Section: Overall Objectives
Introduction
Knowledge discovery in databases –hereafter KDD– consists in processing a large volume of data in order to extract knowledge units that are significant and reusable. Assimilating knowledge units to gold nuggets, and databases to lands or rivers to be explored, the KDD process can be likened to the process of searching for gold. This explains the name of the research team: the “orpailleur” denotes in French a person who is searching for gold in rivers or mountains. Moreover, the KDD process is iterative, interactive, and generally controlled by an expert of the data domain, called the analyst . The analyst selects and interprets a subset of the extracted units for obtaining knowledge units having a certain plausibility. As a person searching for gold and having a certain knowledge of the task and of the location, the analyst may use its own knowledge but also knowledge on the domain of data for improving the KDD process.
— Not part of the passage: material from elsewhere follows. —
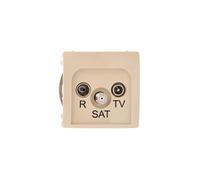 Caja de antena Simon Basic RD/TV/SAT BMZAR-SAT10/P.01/12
A way for the KDD process to take advantage of domain knowledge is to be in connection with an ontology relative to the domain of data, for making a step towards the notion of knowledge discovery guided by domain knowledge or KDDK. In the KDDK process, knowledge units that are extracted have still a life after the interpretation step: they must be represented in an adequate knowledge representation formalism for being integrated within an ontology and reused for problem-solving needs. In this way, the results of the knowledge discovery process may be reused for extending and updating existing ontologies. The KDDK process shows that knowledge representation and knowledge discovery are two complementary tasks: no effective knowledge discovery without domain knowledge!